Mr. Joseph Hampton Rich was the founding face and sole manager of the Boone Trail Highway and Memorial Association during its 25-year history between 1913 and 1938. Mr. Rich was born on July 14, 1874 in Davie County, NC to Samuel Chase Rich and Bettie Caroline McMahon Rich. His birthplace is associated with Boone-Bryan families of colonial North Carolina.
Mr. Rich graduated from the College at Wake Forest in the Class of 1898, the year the U.S. Battleship Maine was sunk in Havana Harbor, Cuba and the subsequent Spanish-American War. He attended the Baptist Seminary in Louisville, Kentucky. In 1901, he married Miss Ina Bagby and to this union were born four children: Catherine, Edith, Charles and Frederick.
He had several careers: public school teacher, newspaper publisher, business representative, and preacher besides his long service with the Boone Memorial Association. He concluded his professional life as Clerk Librarian for the North Carolina State Senate. He was an advocate for improved highways: he was a speaker at the National Good Roads Congress meeting in Niagara Falls, NY in 1910; he organized local NC school students in maintaining rural gravel roads with their own farm animal teams (a program that eventually became the Highway Safety Patrol in schools across the nation).
In 1913, Mr. Rich was the visionary that brought together businessmen and civic leaders in North Wilkesboro, NC to form The Boone Trail Highway & Memorial Association. Their primary objective was to build "an arterial highway to reclaim the counties of the northwestern part of the state (NC)." Whereas Daniel Boone, a transplanted native son (born in PA, raised in NC) was a historic trail-blazer, Mr. Rich sought his aid in being a modern highway-builder.
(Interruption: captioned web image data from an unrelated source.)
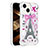 Silicone Candy Rubber TPU Bling-Bling Soft Case Cover S03 for Apple iPhone 13 Rose Gold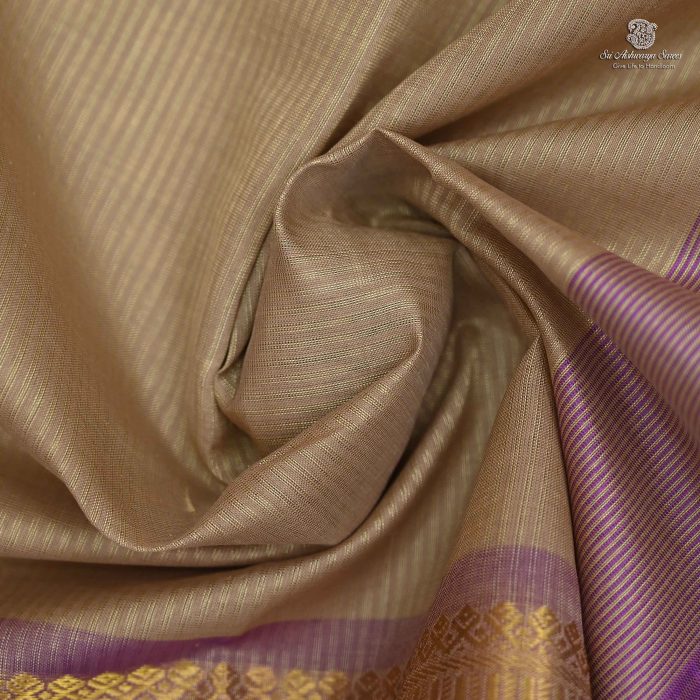 Silk Cotton Sarees Sandal Beige SAS0033652 - Image 2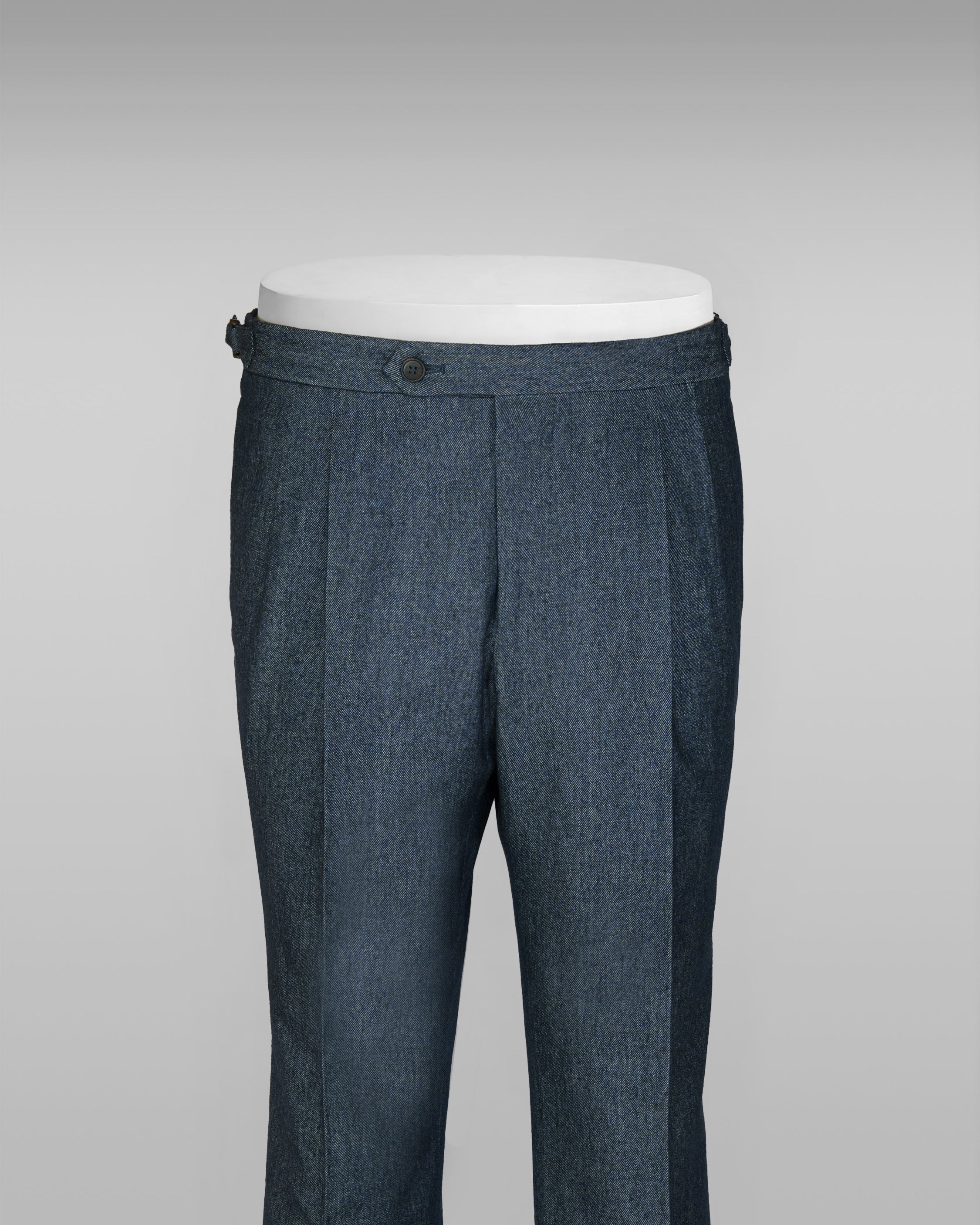 Pantaloni blu in cotone denim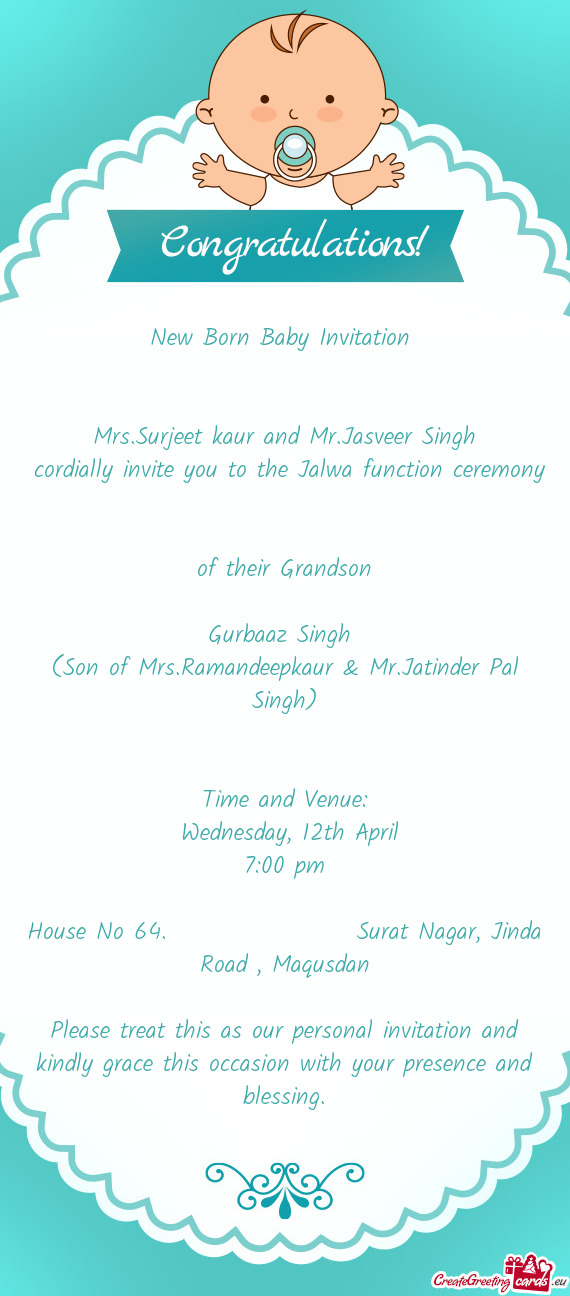 Mrs.Surjeet kaur and Mr.Jasveer Singh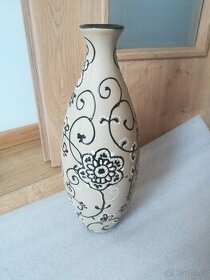 Malovaná keramická váza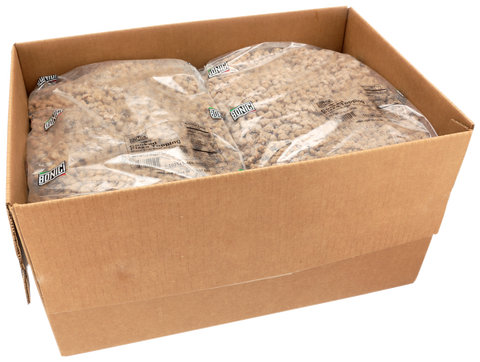 Tyson Small Chunk Beef and Chicken Pizza Topping, 5 Pound -- 8 per case.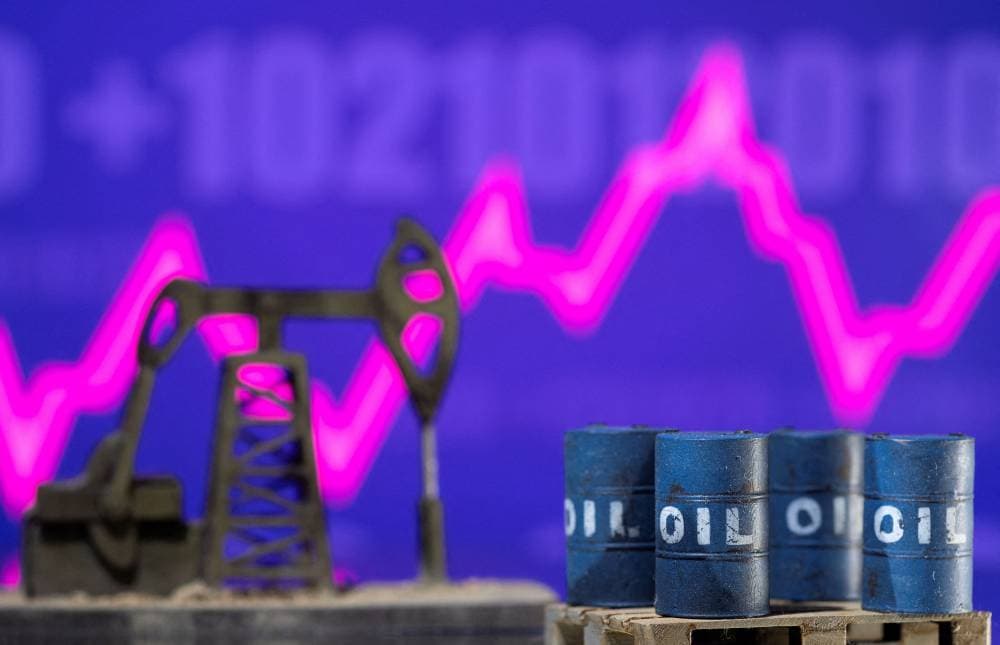 ارتفاع سعر خام برنت في بورصة إنتركونتيننتال إلى 85 دولارا للبرميل. المصدر: رويترز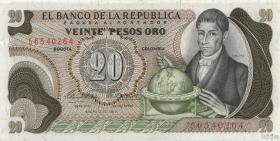 Kolumbien / Colombia P.409a 20 Peso Oro 2.1.1969 (1) 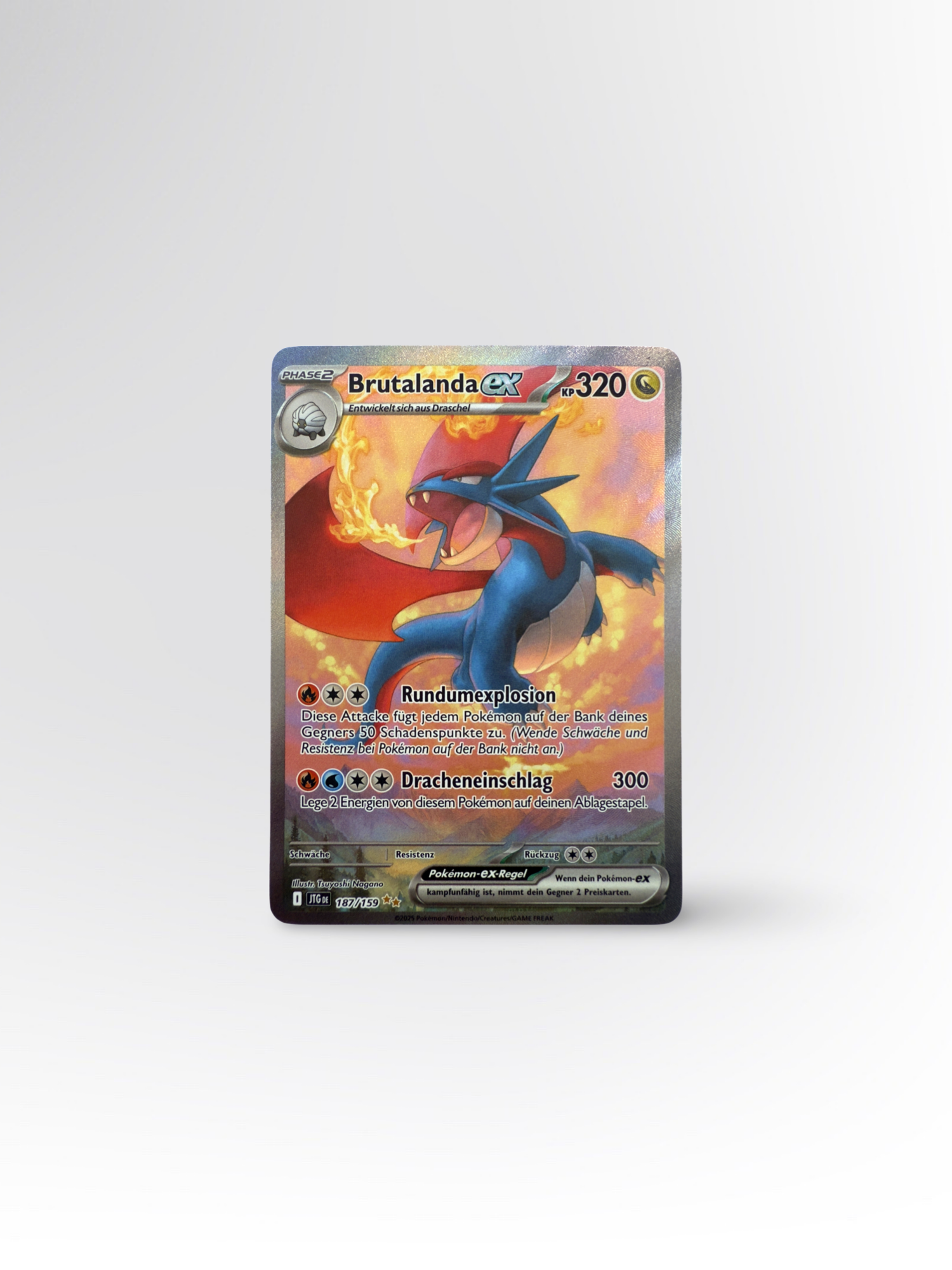 Pokémon Brutalanda ex (JTG 187) – Excellent #DE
Soon the Association added the goals of patriotism, education, memorializing the sailors lost on the Battleship Maine, and building a transcontinental highway to the memory of Daniel Boone, America's foremost pioneer hero: a soldier, statesman, conservationist, family man, and Christian.
The book, Rich Man: Daniel Boone, describes Mr. Rich's many other labors and memorials. He was a man proud of his heritage and dedicated a great part of his life to passing on America's positve patriotic legacy to the following generations. He erected monuments to last as they displayed historical tribute to communities across the nation. He was a man of merit and is here remembered as a great citizen-servant.
His footstone indicates he died on December 1, 1949. It notes that his final resting place in the cemetery of Eaton's Baptist Church near Cana, NC is "at the end of the trail." His headstone is the familiar shape of a large indian arrowhead, as he frequently used for his monuments along the memorial Boone Trail Highway.